What you should do: Only one stretch of the listing below is wanted. Begin at the line that has "Volvo XC 60 D4 Geartronic Momentum - 13", stop after the line that has "Toyota Axio 2012 Silver", and repeat every line in between exactly.

Provided material:
--

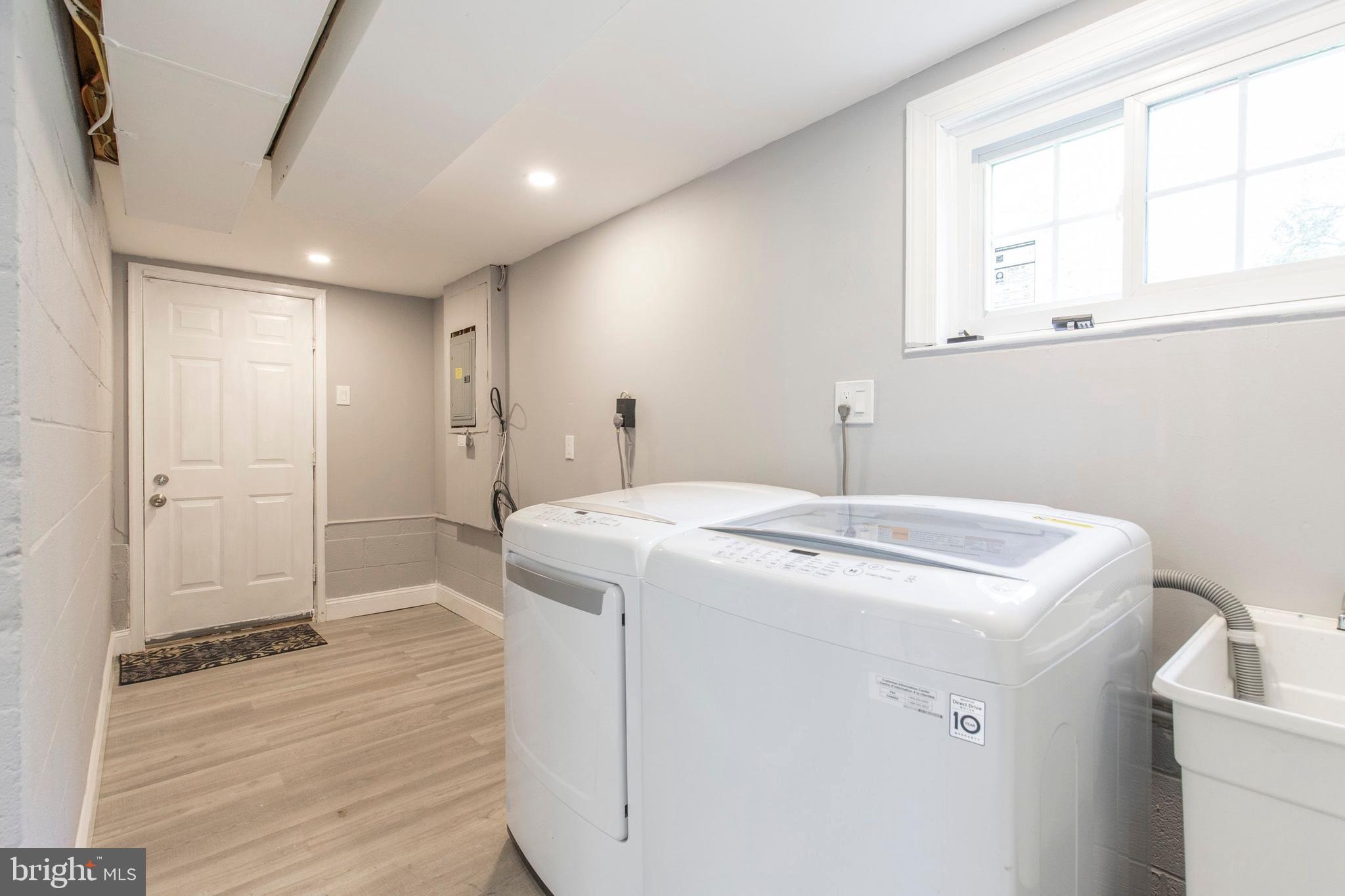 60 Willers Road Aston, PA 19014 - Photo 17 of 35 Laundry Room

--

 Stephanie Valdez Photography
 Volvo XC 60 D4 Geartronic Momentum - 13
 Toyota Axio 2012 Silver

--

Written answer:
 Volvo XC 60 D4 Geartronic Momentum - 13
 Toyota Axio 2012 Silver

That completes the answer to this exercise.